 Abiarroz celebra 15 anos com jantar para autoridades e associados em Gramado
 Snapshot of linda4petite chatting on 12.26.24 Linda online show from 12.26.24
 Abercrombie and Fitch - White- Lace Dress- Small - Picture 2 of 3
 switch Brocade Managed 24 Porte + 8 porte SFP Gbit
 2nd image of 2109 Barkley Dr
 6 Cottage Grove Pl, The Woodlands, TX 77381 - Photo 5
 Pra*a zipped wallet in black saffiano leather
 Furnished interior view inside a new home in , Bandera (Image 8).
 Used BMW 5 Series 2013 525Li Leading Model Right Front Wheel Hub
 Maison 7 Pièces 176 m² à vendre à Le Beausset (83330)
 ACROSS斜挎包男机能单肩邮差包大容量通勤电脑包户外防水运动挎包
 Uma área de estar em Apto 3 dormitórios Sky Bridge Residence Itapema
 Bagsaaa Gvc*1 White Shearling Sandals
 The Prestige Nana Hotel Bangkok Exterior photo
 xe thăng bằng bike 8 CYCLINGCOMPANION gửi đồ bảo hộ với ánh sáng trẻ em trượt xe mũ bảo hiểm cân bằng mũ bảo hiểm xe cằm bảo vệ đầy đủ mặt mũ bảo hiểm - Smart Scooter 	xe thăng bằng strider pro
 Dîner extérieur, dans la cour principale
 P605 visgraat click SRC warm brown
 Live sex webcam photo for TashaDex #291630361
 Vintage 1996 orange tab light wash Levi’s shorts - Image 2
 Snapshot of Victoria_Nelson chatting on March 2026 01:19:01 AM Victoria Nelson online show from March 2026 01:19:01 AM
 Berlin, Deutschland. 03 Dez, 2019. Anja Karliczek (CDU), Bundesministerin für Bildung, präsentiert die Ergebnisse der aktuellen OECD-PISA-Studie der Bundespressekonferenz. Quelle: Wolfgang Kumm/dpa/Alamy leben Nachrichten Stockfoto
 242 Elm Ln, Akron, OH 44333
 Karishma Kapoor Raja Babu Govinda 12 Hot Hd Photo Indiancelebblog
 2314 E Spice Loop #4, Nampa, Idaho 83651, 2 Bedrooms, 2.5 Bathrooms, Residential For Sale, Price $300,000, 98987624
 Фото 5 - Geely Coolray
=-=-=
Problem to work on » Every line from the one containing "Karishma Kapoor Raja" through the last line of the entries must be written out verbatim, and no other line.

Exercise answer »
 Karishma Kapoor Raja Babu Govinda 12 Hot Hd Photo Indiancelebblog
 2314 E Spice Loop #4, Nampa, Idaho 83651, 2 Bedrooms, 2.5 Bathrooms, Residential For Sale, Price $300,000, 98987624
 Фото 5 - Geely Coolray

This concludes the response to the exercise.